Thanks, Patty O’ and Bosstone for your explanations regarding moving dates up or back. Makes sense to me. And, yes, how observant of you about my global sense of perspective.
In fact, Bosstone, you sound like a Myers-Briggs enthusiast.
Since I’ve wedged my posts into a conversation here, I’ll comment on that as well. That’s the idea that there is a time and place for more than one type of usage. Improper use of the language, or to be generous, popularly accepted use of the languange is less grating to my ear in less formal surroundings. Or perhaps for humor’s sake.
In fact it has served me well in my job life to be able to speak more than one style of English. When I was a young English major my English was very proper and it could actually be a social hindrance.
Of course. And no descriptivist would insist that it be okay to say something like “What up mothafucka!” to your boss, just because it technically “means the same” as “Hello sir.” The concept of social registers constantly gets mistakenly assumed to be an objective assessment of language, such that someone speaking on a “lower” register than what you personally find acceptable is somehow speaking “worse” English. The proper use of register is essential socially, and there’s no denying that.
My biggest peeve is one that not a lot of people seem to share. I really dislike it when the words woman or women are used as a modifier in a place where an english speaker would be loathe to use man or men. The phrase “men nurses” sounds unbelievably wrong to me yet many people have no difficulty saying “women CEO’s” or “women speakers” or "even “women posters” of which I saw a few days ago in a thread where a poster was commenting on dopers and said something to the effect of “male posters do X but women posters do Y.” I have no idea why so many people have this fear of female but once someone mentioned it to me, I couldn’t help noticing it everywhere.
A dialect by the way is a variation of language based on geography like a texas drawl or a minnesotan accent. A register is a variant based on more of a social class/standing rubric. It’s the difference in my speech when talking to a roommate vs. a professor. Just so we’re all on the same page terminologywise.

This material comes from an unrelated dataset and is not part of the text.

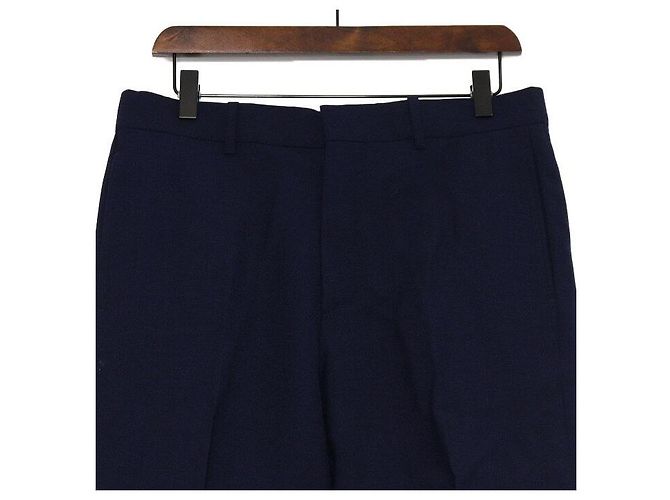 Marni Pantaloni in cotone blu navy da uomo - vista 2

Speaking of which, I have an anti-peeve for the word “lect”. I really like it, for reasons I am unable to put a finger on and which aren’t anything other than my own personal aesthetic preferences. I guess it’s something about how it recalls the familiar word “dialect” while freeing one from the technical constraint that a dialect should be geographically based; it’s both really useful and, uh… uh… awesome?

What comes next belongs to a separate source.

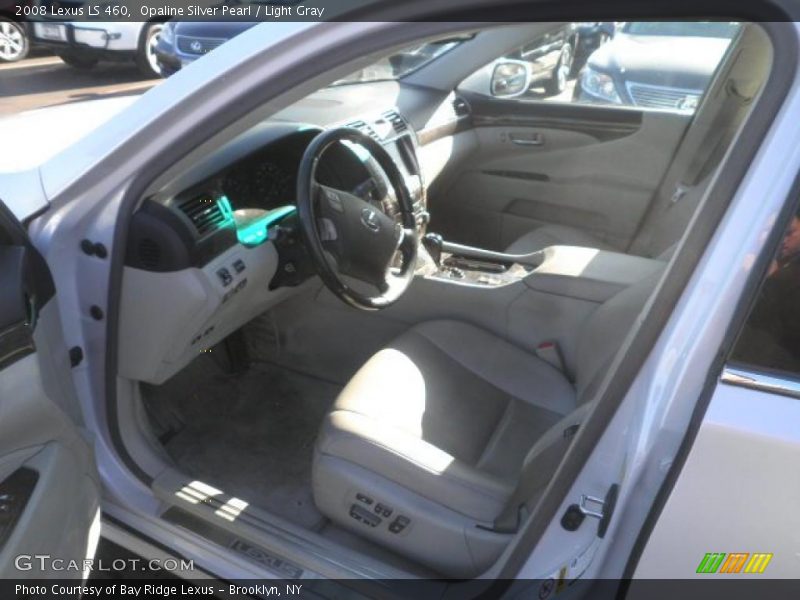 Opaline Silver Pearl / Light Gray 2008 Lexus LS 460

(I can easily imagine others hating the same word, for being, in their eyes, an ugly back-formation)
I dunno about everyone else, but while I was indeed a “Grammar Nazi” at one point, I eventually got tired of it and realized that not everyone spoke the way I do and as long as they get their points across, there’s really no harm and therefore no foul.
And that’s when I started lightening up and lampooning the things that bothered me by using them myself. I never speak of la-hoy-ya, but rather la-jol-la. Why? 'Cuz it’s a riot! It’s fun! One of my favorites is the word “irregardless”. Sometimes I even use it as a logon name. It’s all good. And if not, then it’s my bad.
It struck me as particularly awesome the other day when I heard the Black Eyed Peas song “My Humps”, and realized that she’d taken 4 words and contracted them to 3 letters. “I am going to” became “I’ma”.
I admit that there are still a few things that bother me. I cringe with noo-kew-lur, and I despise “hella”, but I really don’t bother to correct people anymore – why should my problem be theirs?
One of my favorite xkcd’s is this one. I’m often amused when Grammar Nazis get their stuff wrong.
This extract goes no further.